REQUIRED WORK – Strip the pictures, then copy the remaining data exactly as it stands.
──────
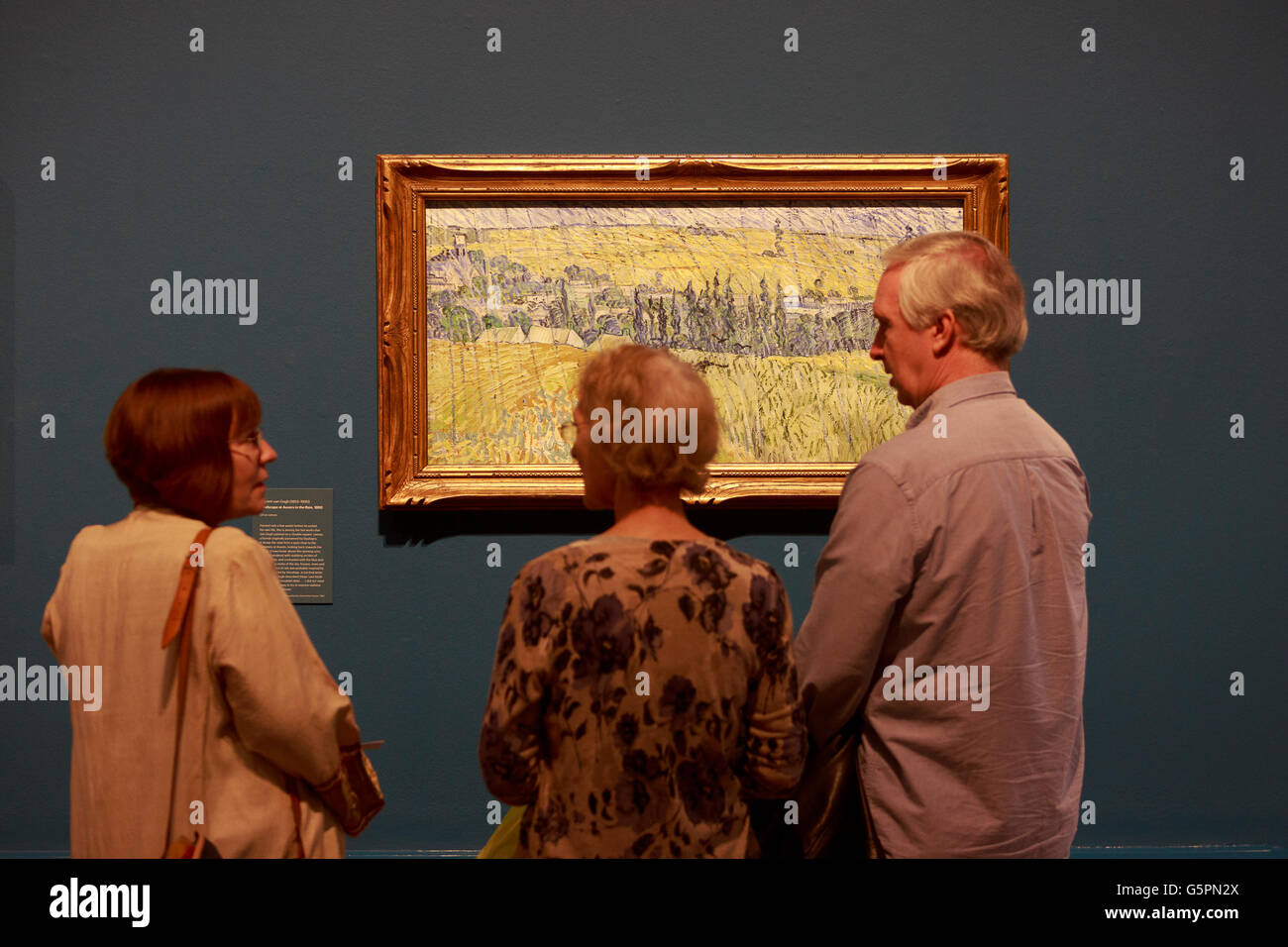 Daubing van gogh display in scottish national gallery edinburgh hires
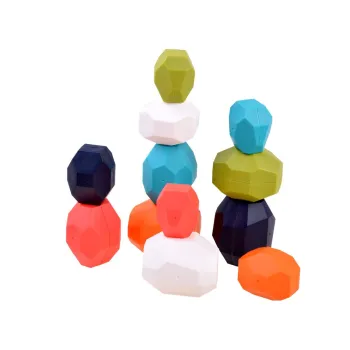 Zbliżenie na detale powierzchni klocków KAMIENIE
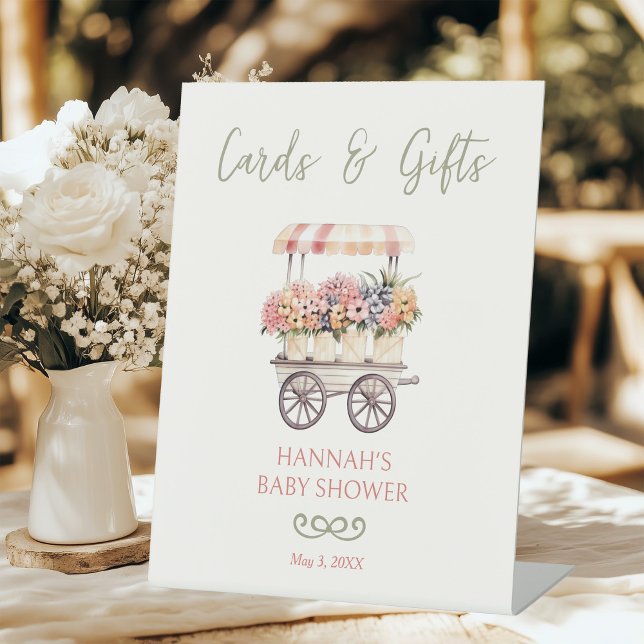 Signe De Table Baby shower de cartes et cadeaux cultivés localeme (Créateur téléchargé)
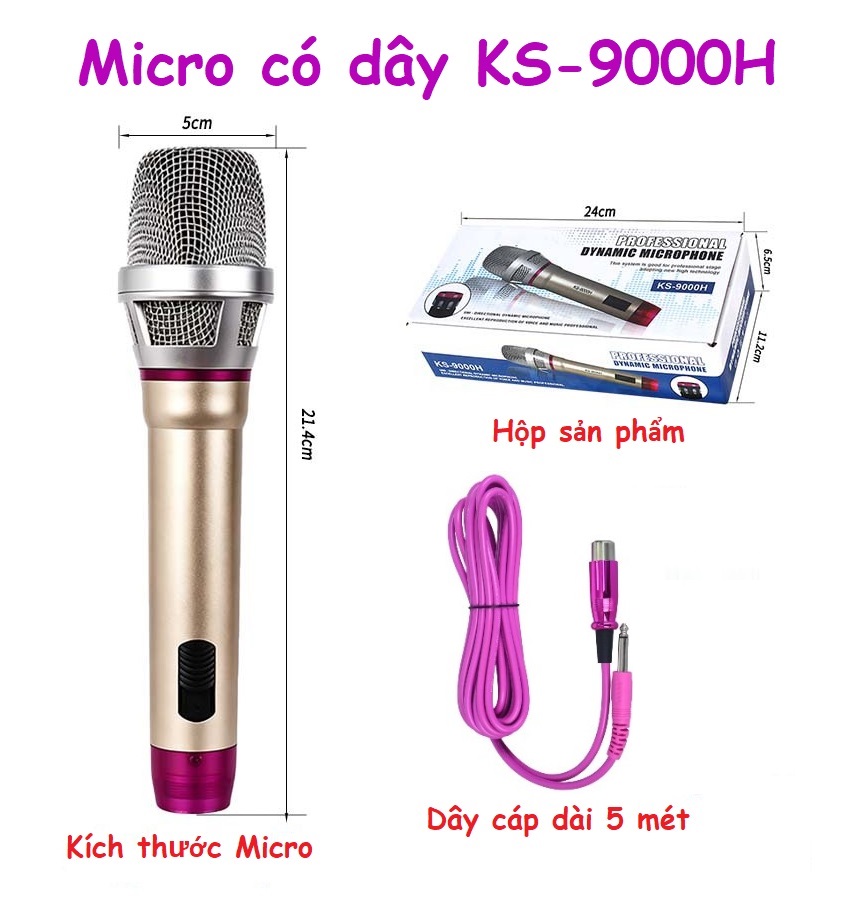 Micro có dây KS-9000H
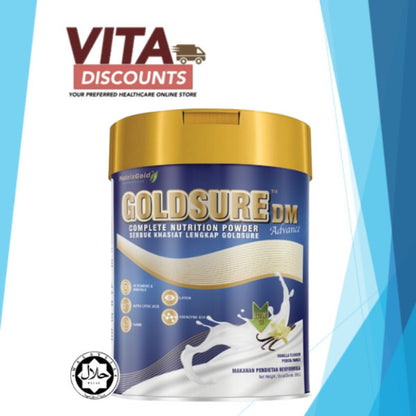 Nutrixgold Goldsure Dm Advance Powder Vanilla (850g) [Exp 10/2027]  [Extra 1 Gift]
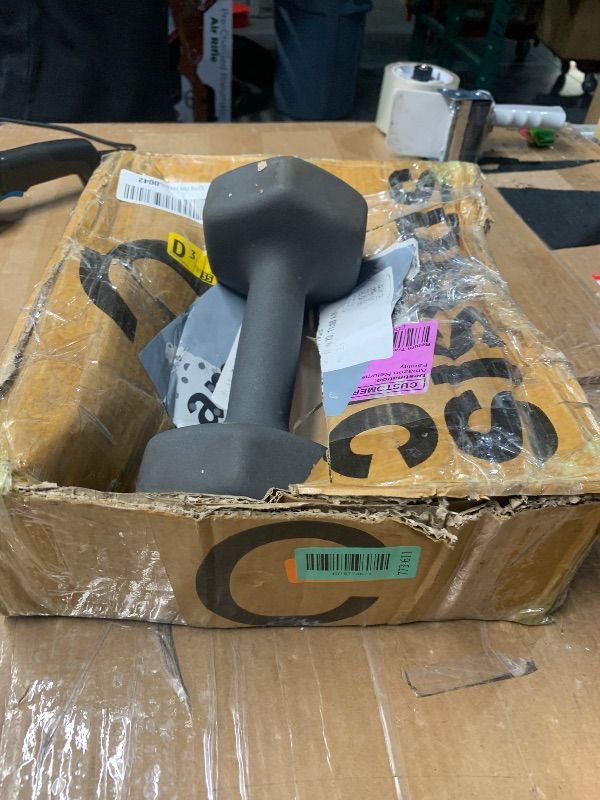 Photo 1 of ***MISSING PART***STOCK PHOTO FOR REFERENCE ONLY***CAP Barbell Barbell 25 LB Pair Coated Hex Dumbbell Weight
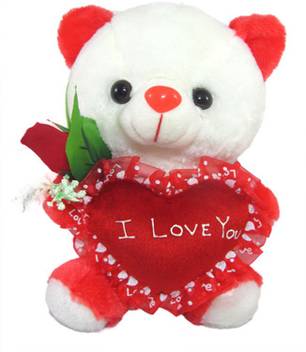 Tickles Cute Teddy With I Love You Heart And Beautiful Rose 25 Cm Cute Teddy With I Love You Heart And Beautiful Rose Buy Teddy Bear Toys In India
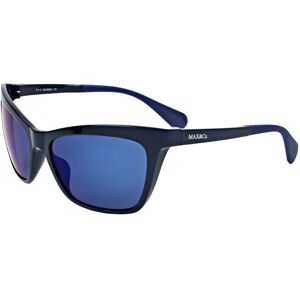 Max&co. Mo0014 90v Shiny Blue 55/16/130 Woman Sunglasses Max&co. Mo0014 90v Shiny Blue 55/16/130 Woman Sunglasses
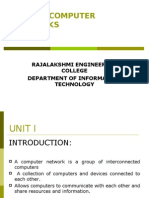 Cs2302-Computer Networks: Rajalakshmi Engineering College Department of Information Technology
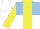 Silk - light blue and white halved horizontally, yellow stripe, yellow sleeves, white cap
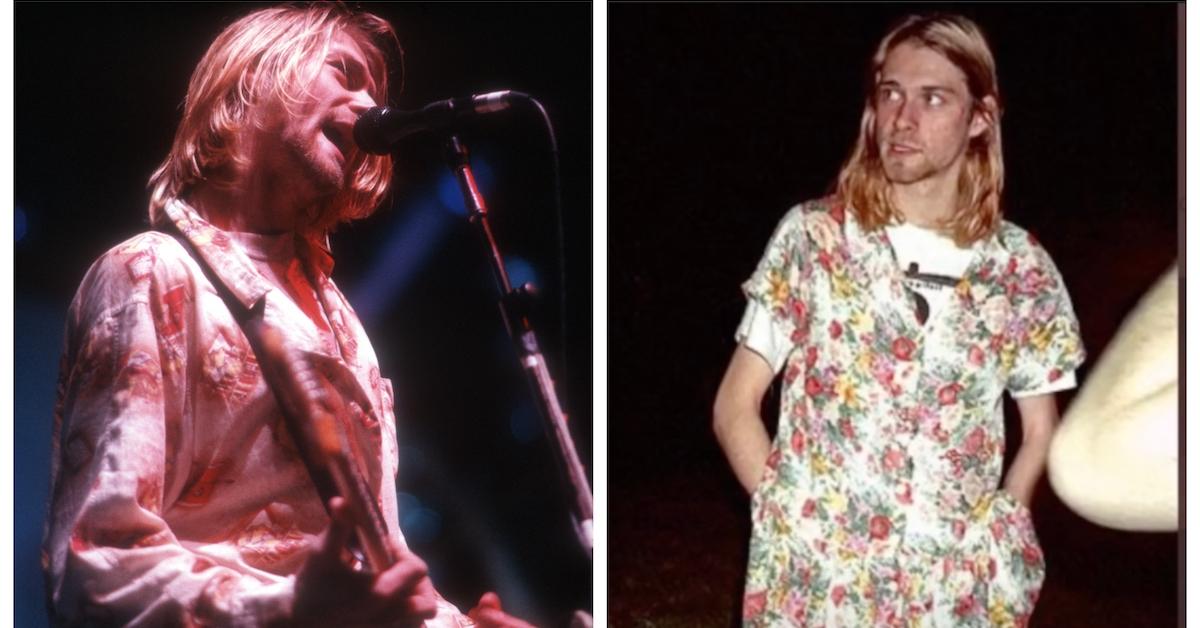 Kurt Cobain穿着一件衣服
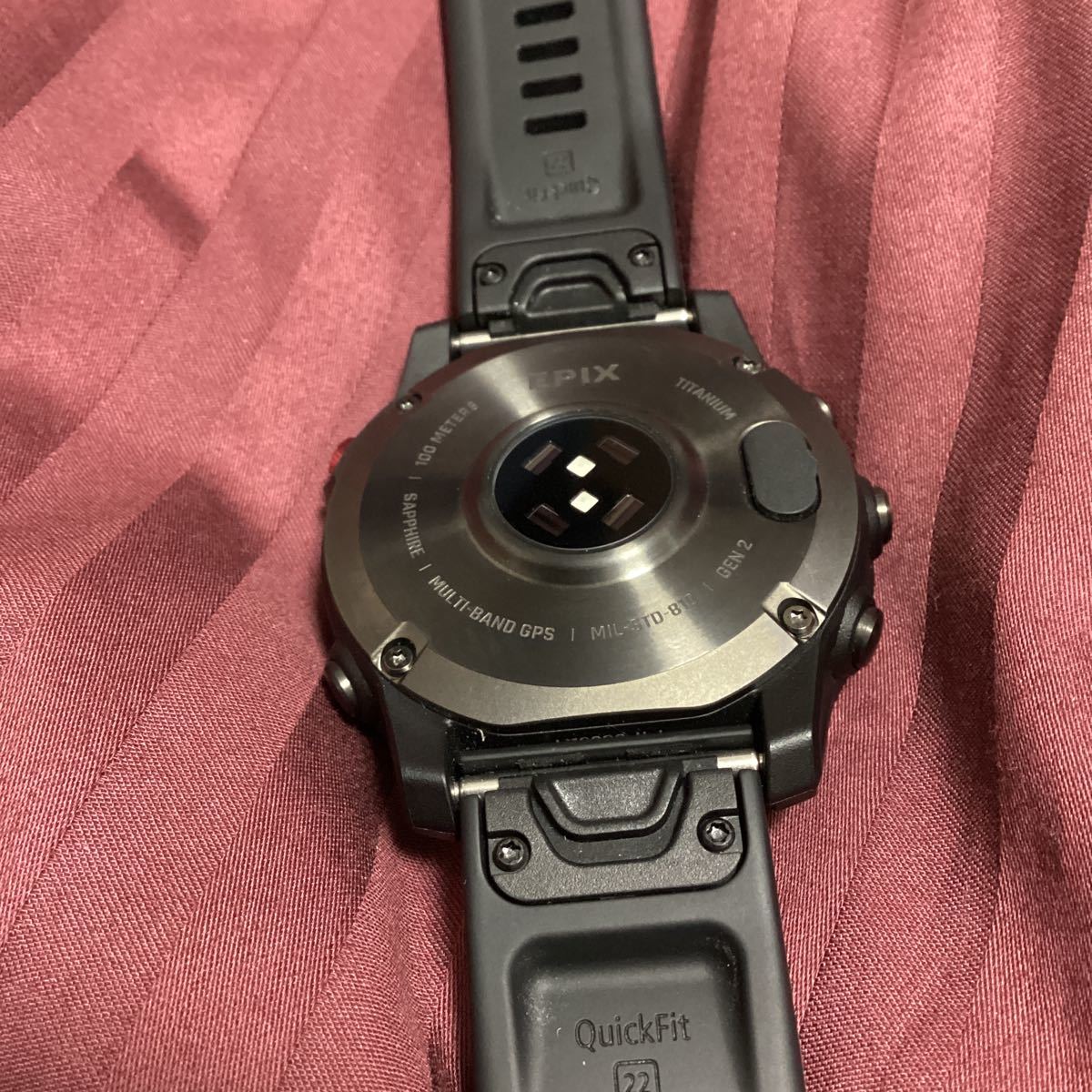 ガーミン EPIX Sapphire Carbon Gray DLC Ti Black最高峰スマート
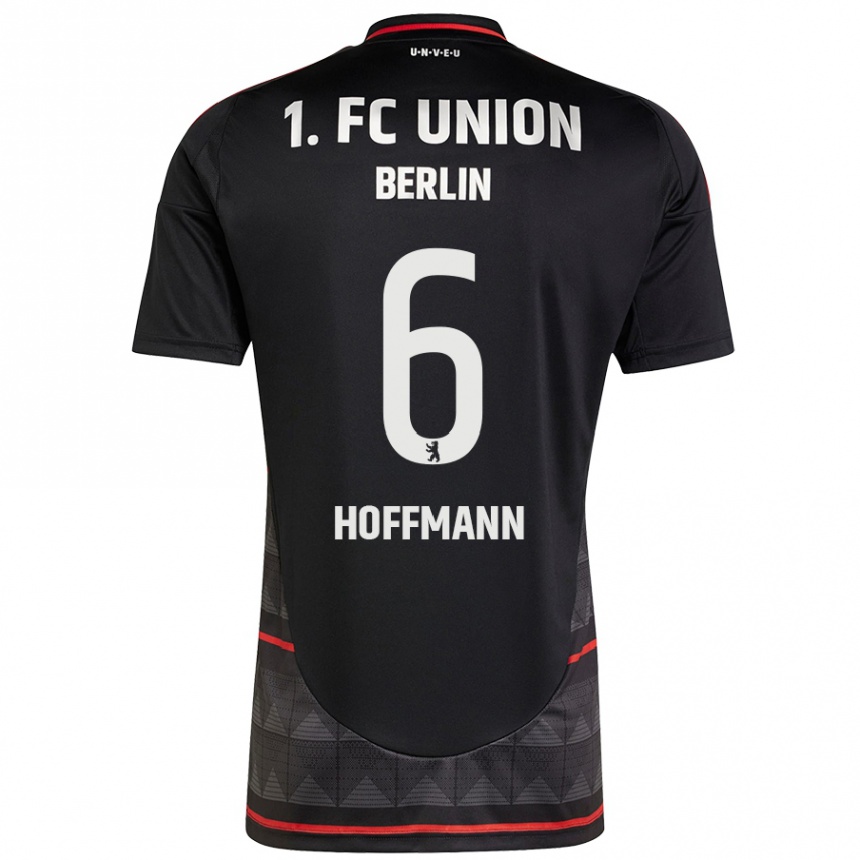 Niño Fútbol Camiseta Finn Hoffmann #6 Negro 2ª Equipación 2024/25 Perú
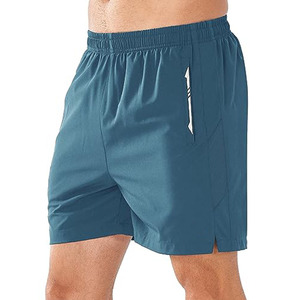 กางเกงขาสั้นออกกำลังกายผู้ชายแบบมีแถบสะท้อนแสง เอวยางยืด ระบายอากาศได้ดี ยืดหยุ่น เหมาะสำหรับการฝึกซ้อมและวิ่งจ๊อกกิ้ง - Product Image 1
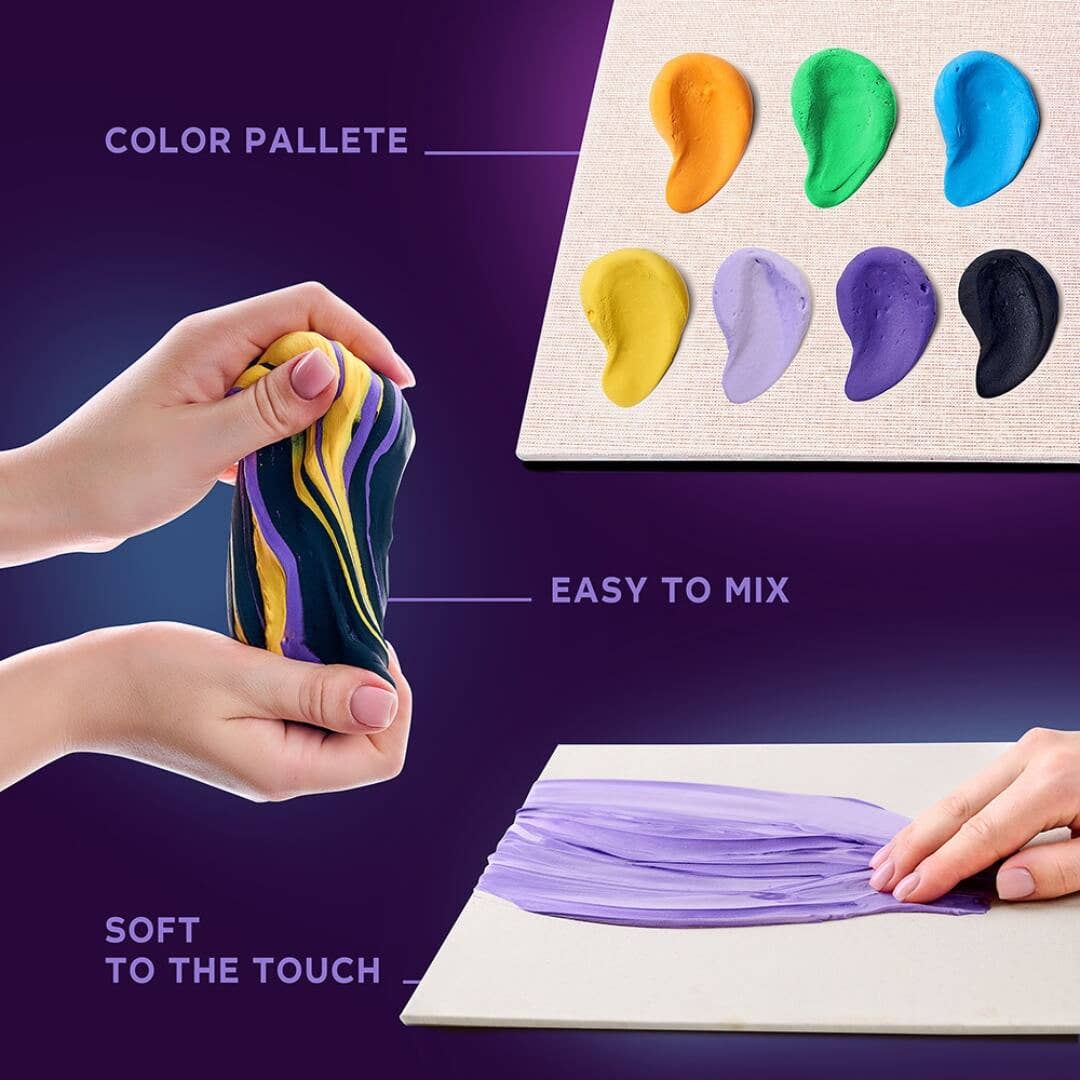 OKTO Air Dry Clay 3D Sensory Art Canvas - New York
──────
COMPLETED TASK –
 Daubing van gogh display in scottish national gallery edinburgh hires
 Zbliżenie na detale powierzchni klocków KAMIENIE
 Signe De Table Baby shower de cartes et cadeaux cultivés localeme (Créateur téléchargé)
 Micro có dây KS-9000H
 Nutrixgold Goldsure Dm Advance Powder Vanilla (850g) [Exp 10/2027]  [Extra 1 Gift]
 Photo 1 of ***MISSING PART***STOCK PHOTO FOR REFERENCE ONLY***CAP Barbell Barbell 25 LB Pair Coated Hex Dumbbell Weight
 Tickles Cute Teddy With I Love You Heart And Beautiful Rose 25 Cm Cute Teddy With I Love You Heart And Beautiful Rose Buy Teddy Bear Toys In India
 Max&co. Mo0014 90v Shiny Blue 55/16/130 Woman Sunglasses Max&co. Mo0014 90v Shiny Blue 55/16/130 Woman Sunglasses
 Cs2302-Computer Networks: Rajalakshmi Engineering College Department of Information Technology
 Silk - light blue and white halved horizontally, yellow stripe, yellow sleeves, white cap
 Kurt Cobain穿着一件衣服
 ガーミン EPIX Sapphire Carbon Gray DLC Ti Black最高峰スマート
 Niño Fútbol Camiseta Finn Hoffmann #6 Negro 2ª Equipación 2024/25 Perú
 กางเกงขาสั้นออกกำลังกายผู้ชายแบบมีแถบสะท้อนแสง เอวยางยืด ระบายอากาศได้ดี ยืดหยุ่น เหมาะสำหรับการฝึกซ้อมและวิ่งจ๊อกกิ้ง - Product Image 1
 OKTO Air Dry Clay 3D Sensory Art Canvas - New York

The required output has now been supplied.